John Paul II embarked on nothing less than a restoration of the church, one grounded in its conservative tradition. His rejection of contraception and abortion has been absolute and unbending, and his almost dictatorial manner has not always played well.
People magazine observed that the pope -- who has had no qualms about
silencing those within the church family who disagree with him -- is
"more given to self-discipline than self-doubt."
"It's a mistake to apply American democratic procedures to the faith
and truth," the pope has said. "You cannot take a vote on the truth."

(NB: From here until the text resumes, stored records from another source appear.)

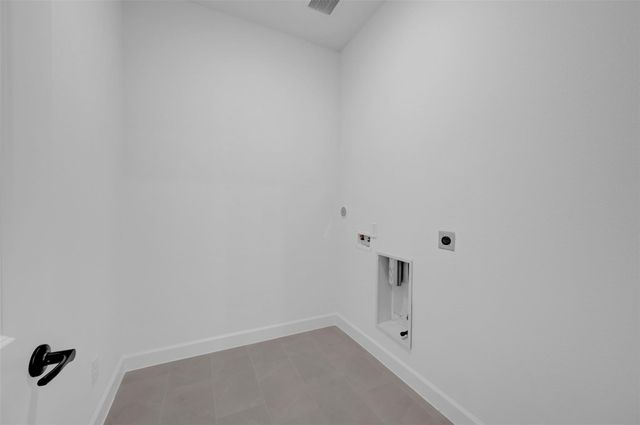 11910 Salty Bend Drive, Mont Belvieu, TX 77523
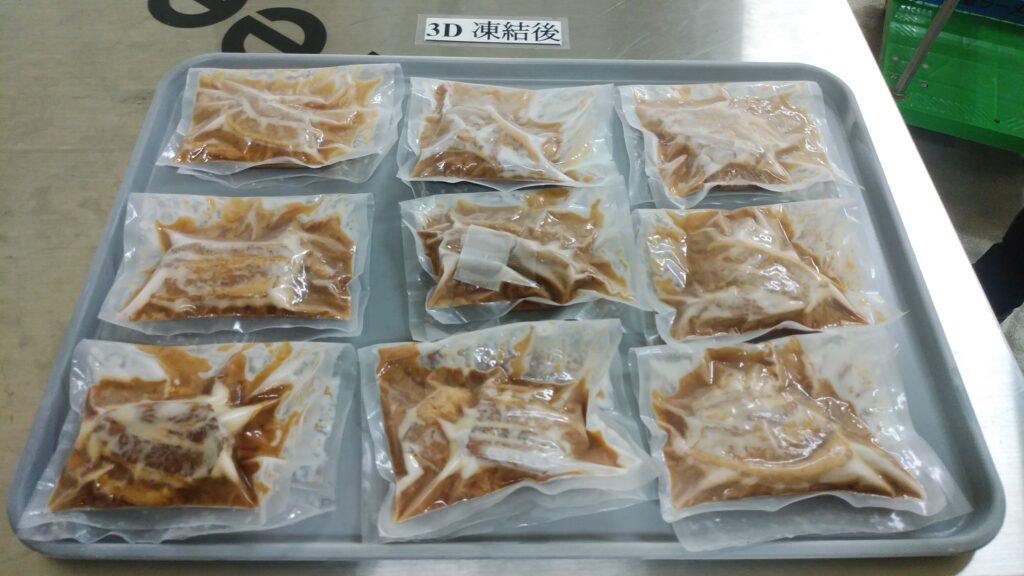 急速冷凍されたトレーに並べられたパック入りの角煮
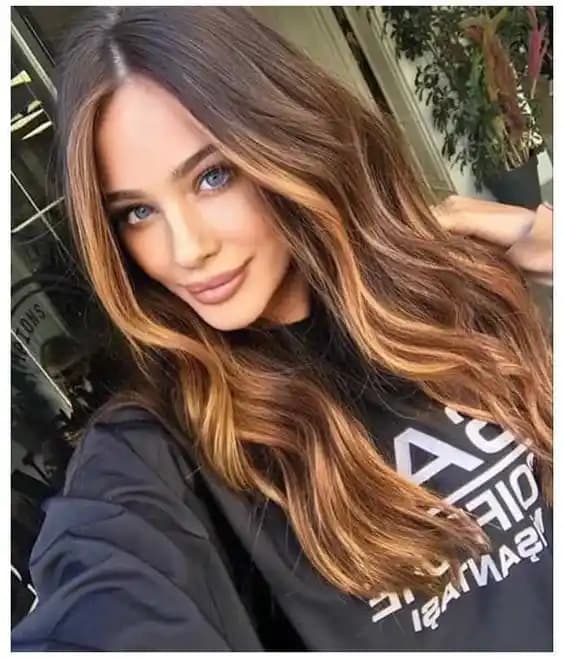 Saç Rengi Değiştirme Yöntemleri ve Stil İpuçları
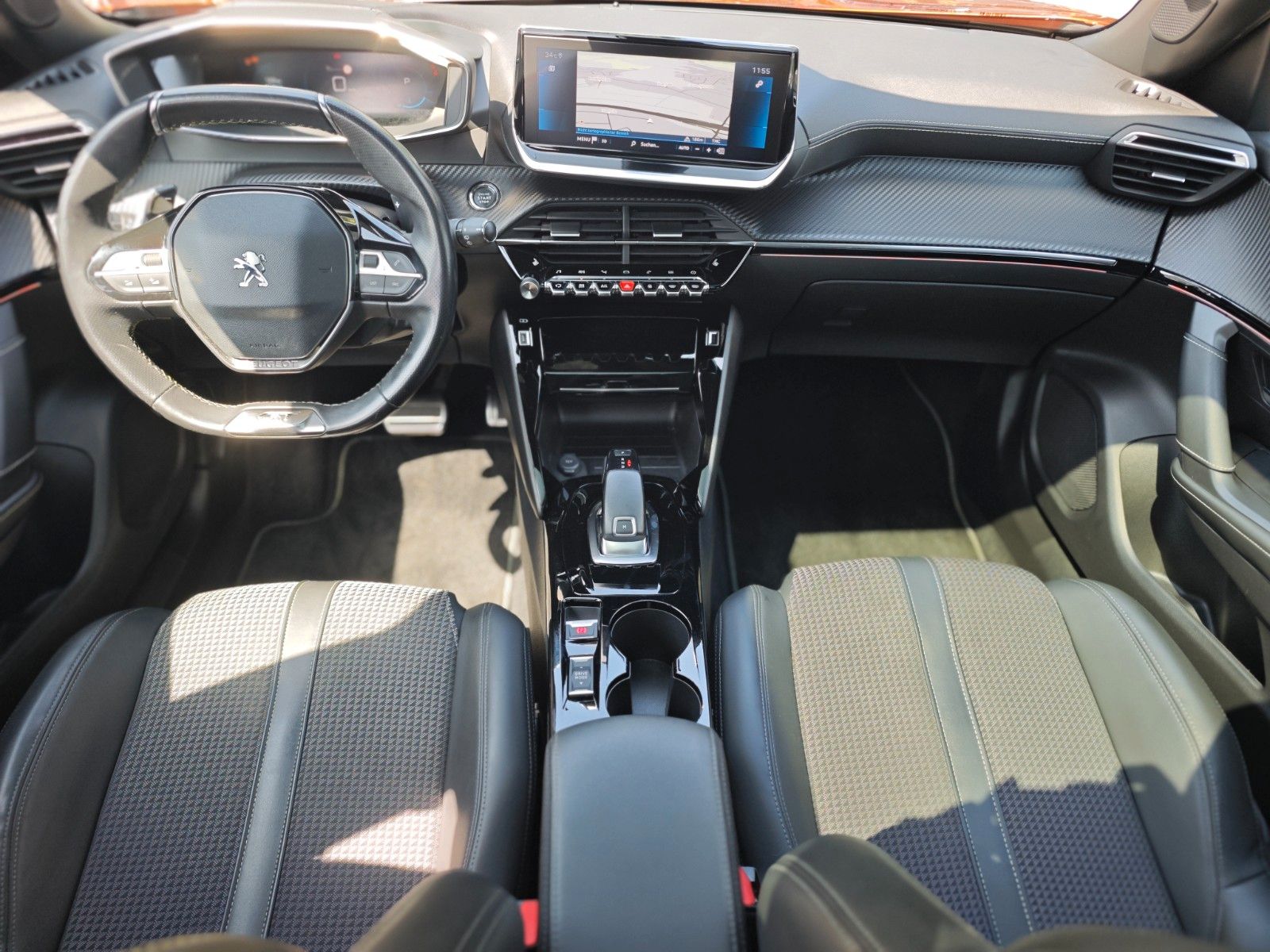 Fahrzeugabbildung Peugeot 2008 GT LINE*AUT.*NAVI*VOLL LED*GSD*KAMERA*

Hans Kung, a liberal Catholic theologian who has crossed swords with
the pope, told Time, "This Pope is a disaster for our church. There's
charm there, but he's closed-minded."
The Economist magazine reported that another troublesome theologian,
Bernard Haring, compared the questioning he underwent at the Vatican
"to the treatment he once received under Hitler."
Margaret Steinfels, the editor of the Catholic magazine Commonweal and
amore moderate critic of the pope, accuses him of polarizing issues. In
his opposition to contraception, abortion and euthanasia, for example,
he has accused the industrialized world of fostering "a culture of
death."
"I don't deny that there are many problems in the U.S. and the West,"
she said, "but I don't think that calling it a 'culture of death' and
the church the 'church of life' is a useful way of dealing with things.
I disagree with his metaphors."
The pope also has confounded Steinfels and many others with his
insistence that church doctrine prohibits the ordination of women. In
affirming his position in a letter to bishops in 1994, he wrote in
uncompromising fashion," this judgment is to be definitively held by
all the church's faithful."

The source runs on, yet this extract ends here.